1. Field of the Invention
The present invention relates to a fuel pump that draws in a fuel, increases the pressure thereof, and discharges the pressurized fuel.
2. Description of the Related Art
A known fuel pump generally comprises a casing and an impeller rotatably disposed within the casing. A first group of concavities is formed in a lower surface of the impeller. A second group of concavities is formed in an upper surface. The concavities are repeated in a circumferential direction. A first groove is formed in a first inner surface of the casing in an area that faces the first group of concavities of the impeller. A second groove is formed in a second inner surface of the casing in an area that faces the second group of concavities of the impeller. The first and second grooves extend in a circumference direction from an upstream end to a downstream end, respectively. A pump channel is formed inside the casing by the groups of concavities of the impeller and the grooves of the casing. An intake hole and a discharge hole are formed in the casing. The intake hole links the upstream end of the pump channel and the exterior of the casing. The discharge hole links the downstream end of the pump channel and the exterior of the casing. When the impeller rotates, the fuel is drawn from the intake hole into the pump channel. The fuel drawn into the pump channel flows from the upstream end to the downstream end of the pump channel, while the pressure thereof is increased. The pressurized fuel is discharged to the outside of the casing via the discharge hole.
In this known fuel pump, a clearance is provided between the casing and the impeller. Where the clearance is large, the fuel in the pump channel easily leaks from the pump channel to the clearance and high pump efficiency cannot be obtained. Therefore, in order to obtain high pump efficiency, it is necessary to decrease the clearance and reduce fuel leakage from the pump channel. However, if the clearance is too small, the casing and the impeller come into surface contact and sliding resistance increases, thereby decreasing pump efficiency. Thus, because of this trade-off relationship between the reduction in sliding resistance and reduction in fuel leakage, a technology is required that can realize the two at the same time.

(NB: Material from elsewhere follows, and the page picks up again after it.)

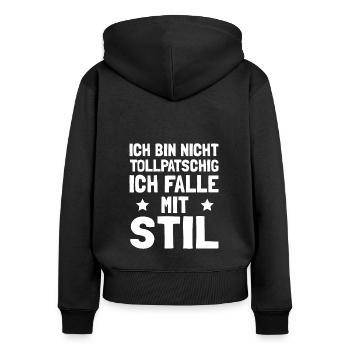 Tollpatsch Tollpatschige Freundin - Frauen Premium Bio Zip Hoodie - Schwarz - Hinten - Julia (174cm)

Japanese Laid-open Patent Application Publication No. 6-213195 discloses a fuel pump in order to solve this problem. In this fuel pump, a plurality of concave portions is formed in the entire inner surface of the casing. The concave portions are formed as dots or grooves, and the concave portions are separated from each other. By forming a plurality of concave portions in the inner surface of the casing, the surface tension of the fuel increases and the adhesion force of the fuel inside the clearance between the casing and the impeller increases. As a result, sealing capacity can be improved without unnecessarily reducing the clearance between the casing and the impeller. Thus, with this fuel pump, both the reduction of fuel leakage and the reduction of sliding resistance can be realized.